Wie auch immer der Beginn ihrer Beziehung wirklich ausgesehen hat: Die beiden haben offenbar Anfang 2004 auch seelisch einen guten Draht zueinander gefunden. In dieser für Heidi so schwierigen Situation fliegt, wie sie später beide erzählen werden, der Funke zwischen den beiden. Was bislang Sympathie war, wird Liebe. Was sich als Bekanntschaft oder Freundschaft entwickelt hat, wird zur Schicksalsgemeinschaft. Diese Entwicklung in so kurzer Zeit ist schon erstaunlich. Heidi ist jetzt sichtlich schwanger, und Seal immer noch ungebunden. Aber vielleicht ist gerade das eine Idealsituation für das, was jetzt kommt. Heidi strahlt bereits etwas von der Mütterlichkeit aus, die Seal schon ein Leben lang gesucht hat. Und er, der dazu neigt, sich an eine geliebte Frau zu klammern, weil er in ihr diese Mutter finden will, die er nie bekommen hat, scheint Heidi wiederum die Garantie des treuen Ehemanns zu sein, der Flavio Briatore nie gewesen wäre. Seal und Heidi werden in den folgenden Jahren mehrmals öffentlich betonen, dass sie den jeweils anderen vor alles andere stellen würden. „Sie ist meine Nummer 1“ wird zu einem Standardspruch Seals werden. Er ist zu einer Beziehung und für eine Familie bereit, während Briatore erst seine wenige Jahre später erfolgende Krebserkrankung brauchen wird, um als Mensch zu reifen und ernsthaft an die Gründung einer Familie denken zu können.

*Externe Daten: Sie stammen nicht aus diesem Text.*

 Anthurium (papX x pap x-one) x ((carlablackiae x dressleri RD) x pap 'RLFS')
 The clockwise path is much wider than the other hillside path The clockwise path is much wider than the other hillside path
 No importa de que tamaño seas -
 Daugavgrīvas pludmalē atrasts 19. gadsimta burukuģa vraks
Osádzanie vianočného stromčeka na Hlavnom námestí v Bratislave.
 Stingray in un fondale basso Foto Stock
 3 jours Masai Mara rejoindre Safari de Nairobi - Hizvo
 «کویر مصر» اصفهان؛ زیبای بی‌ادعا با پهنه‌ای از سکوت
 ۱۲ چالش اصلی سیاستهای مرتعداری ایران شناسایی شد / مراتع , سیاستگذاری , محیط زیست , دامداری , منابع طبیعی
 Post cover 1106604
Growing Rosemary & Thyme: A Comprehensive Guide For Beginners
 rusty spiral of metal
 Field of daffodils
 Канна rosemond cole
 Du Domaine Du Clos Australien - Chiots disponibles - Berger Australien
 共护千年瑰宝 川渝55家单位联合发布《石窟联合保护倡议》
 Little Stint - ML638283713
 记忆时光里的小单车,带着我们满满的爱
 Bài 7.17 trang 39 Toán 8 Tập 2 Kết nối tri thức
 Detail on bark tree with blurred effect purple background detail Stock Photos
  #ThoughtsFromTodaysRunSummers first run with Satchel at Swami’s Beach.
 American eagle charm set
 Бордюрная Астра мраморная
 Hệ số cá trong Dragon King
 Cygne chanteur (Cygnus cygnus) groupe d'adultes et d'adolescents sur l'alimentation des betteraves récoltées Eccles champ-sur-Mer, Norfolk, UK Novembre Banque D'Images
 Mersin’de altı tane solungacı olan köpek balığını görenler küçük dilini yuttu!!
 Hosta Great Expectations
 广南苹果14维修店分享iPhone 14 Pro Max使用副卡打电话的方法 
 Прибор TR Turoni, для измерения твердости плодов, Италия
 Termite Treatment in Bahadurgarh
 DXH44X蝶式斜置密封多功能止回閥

Es ist menschlich berührend, zu sehen, dass Seal schon Monate vor ihrer Geburt für Leni Interesse und Verantwortungsbewusstsein zeigt und Heidi, die eben noch demonstrativ ihre Gemeinsamkeit mit Briatore hervorgekehrt hat, seiner Loyalität versichert. Im Gegenzug findet sie bei ihm jemanden, bei dem sie sich ausschütten kann über das Kuddelmuddel zu Hause. Denn der im Hause Klum gefundene Kompromiss kann sie nicht zufrieden stellen. Sie ist nun reif genug, um aus dem Schatten ihres Vaters auszubrechen. Dafür ist ein Leben an der Seite Briatores nicht geeignet. Mit Seal tritt Heidi erstmals aus ihrer Ursprungsfamilie heraus. Es ist der Beginn ihrer großen Liebe, wie sie später beide erzählen werden, und die Liebe ist wirklich groß. Die Umstände, unter denen sie aber zusammenkommen, sind so ungewöhnlich, dass bald die Weltmedien über beide berichten werden. Jahre später steht Heidi dem amerikanischen Fernsehjournalisten Carlos Watson zur Rede über ihr Leben. Sie wirkt dabei etwas aufgedreht und doch auf der Hut, denn Watson, ein bubenhaft wirkender Afroamerikaner, der immer lächelt, ist für seine gnadenlose Direktheit bekannt. Auch hier schießt er mit scharfem Geschütz, als er Heidi jene Frage stellt, für die insgeheim die ganze Welt eine Antwort fordert: Wie war das, den Mann ihres Leben kennen zu lernen, während sie von einem anderen ein Kind erwartete? Der Dialog spielt sich so ab:
Watson: „Heidi, du weißt, was ich dich fragen möchte. Es geht um Seal ... du wirst ein bisschen rot dabei?“
Heidi: „Vielleicht sind es die Scheinwerfer.“
Watson: „Du hast ihn getroffen.“ (Pause) „Und du warst schwanger.“
Heidi (schweigt und lächelt)
Watson: „Aber nicht von ihm.“
Heidi (lachend): „Ich habe darauf gewartet, wie nett du das formulieren würdest.“
Watson: „Aber, aber, du weißt, was ich sagen will. Also: Du hast ihn getroffen und es war nicht sein Kind. Trotzdem: Ihr seid zusammengekommen, obwohl du schwanger warst. Die Leute fragen sich da: Wow, das muss unglaublich schwierig für einen sein. Deshalb: War es schwierig für ihn, in dein Leben zu treten, während du schwanger warst?“
Watson trifft hier den Kern der Sache. Menschen fragen sich: Wie muss es für einen Mann sein, mit einer Frau zu schlafen, die das Kind eines anderen Mannes unter dem Herzen trägt? Wie kann man einander in so einer Situation näher kommen, wie kann man Mann und Frau werden, ohne dabei das Gefühl zu haben, mit dem Schatten eines anderen zu leben?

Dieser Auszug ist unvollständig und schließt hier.